PESHAWAR, Jan 4: The Khyber Pakhtunkhwa government has begun work on a plan to establish an industrial estate at Malakand and supply it inexpensive electricity from the public sector Malakand-III hydel power generation unit.

According to provincial industries secretary Fazal-i-Karim, the proposed industrial estate will be built at Dargai in Malakand division, a tax-free zone.

“We expect the Malakand industrial estate to be a big success as it entails huge incentives for entrepreneurs and six parties have already shown interest in setting up their industrial units there,” Mr Karim told a news conference here on Friday.The news conference was organised to highlight the provincial government’s performance and achievements in the industrial and mines sectors.
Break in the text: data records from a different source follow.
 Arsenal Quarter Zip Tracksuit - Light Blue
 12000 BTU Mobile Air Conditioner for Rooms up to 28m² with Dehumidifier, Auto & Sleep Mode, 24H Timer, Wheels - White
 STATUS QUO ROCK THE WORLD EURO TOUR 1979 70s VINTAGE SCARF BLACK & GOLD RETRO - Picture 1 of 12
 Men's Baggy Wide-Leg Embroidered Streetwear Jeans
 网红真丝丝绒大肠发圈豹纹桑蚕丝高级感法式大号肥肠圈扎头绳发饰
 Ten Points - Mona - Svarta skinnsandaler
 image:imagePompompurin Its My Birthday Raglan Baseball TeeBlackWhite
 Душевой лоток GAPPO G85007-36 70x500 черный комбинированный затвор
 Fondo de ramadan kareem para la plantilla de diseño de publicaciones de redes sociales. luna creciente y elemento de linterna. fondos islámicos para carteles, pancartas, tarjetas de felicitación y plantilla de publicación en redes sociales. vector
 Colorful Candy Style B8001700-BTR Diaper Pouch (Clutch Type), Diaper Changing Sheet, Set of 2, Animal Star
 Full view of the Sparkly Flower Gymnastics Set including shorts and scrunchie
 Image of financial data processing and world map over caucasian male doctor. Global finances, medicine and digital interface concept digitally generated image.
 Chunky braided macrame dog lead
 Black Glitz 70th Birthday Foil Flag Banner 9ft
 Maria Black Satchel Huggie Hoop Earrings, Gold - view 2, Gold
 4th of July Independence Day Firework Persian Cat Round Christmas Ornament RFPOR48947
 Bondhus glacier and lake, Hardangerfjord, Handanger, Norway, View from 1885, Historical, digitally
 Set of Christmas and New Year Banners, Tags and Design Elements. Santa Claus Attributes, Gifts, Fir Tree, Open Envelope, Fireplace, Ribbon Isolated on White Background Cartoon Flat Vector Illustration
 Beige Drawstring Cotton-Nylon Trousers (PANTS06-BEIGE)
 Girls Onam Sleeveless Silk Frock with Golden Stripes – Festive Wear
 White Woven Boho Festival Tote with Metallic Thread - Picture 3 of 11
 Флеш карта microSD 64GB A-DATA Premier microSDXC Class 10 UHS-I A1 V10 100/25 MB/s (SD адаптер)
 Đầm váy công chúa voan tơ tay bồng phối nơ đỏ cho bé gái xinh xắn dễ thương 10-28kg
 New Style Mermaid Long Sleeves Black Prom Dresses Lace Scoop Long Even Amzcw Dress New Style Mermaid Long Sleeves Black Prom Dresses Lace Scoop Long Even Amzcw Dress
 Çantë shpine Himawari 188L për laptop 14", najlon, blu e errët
Flanked by provincial information minister Mian Iftikhar, the industries secretary said the provincial government had already released funds for acquiring land to set up the industrial estate.

He said the government attached great significance to the project as it was expected to attract potential investors from Khyber Pakhtunkhwa and other provinces alike.

The secretary said the industrial estate would be situated at a place where the income tax law did not extend and hence, it would be a big attraction for industrialists.

He added that the industrial would be provided with uninterrupted electricity 24 hours every day from the nearby provincial public sector Malakand-III hydel power unit at subsidised rates, making it attractive for the private sector.

Speaking on the occasion, the information minister said the provincial government should be credited for its efforts to keep the industrial wheel moving in Khyber Pakhtunkhwa amidst militancy and law and order situation.

“The situation was so precarious that even the operational industrial units were faced with risks of closure because of militancy, but the provincial government took it as a challenge and did its best to keep protect the manufacturing sector from experiencing a complete halt during the past four and a half years,” he said.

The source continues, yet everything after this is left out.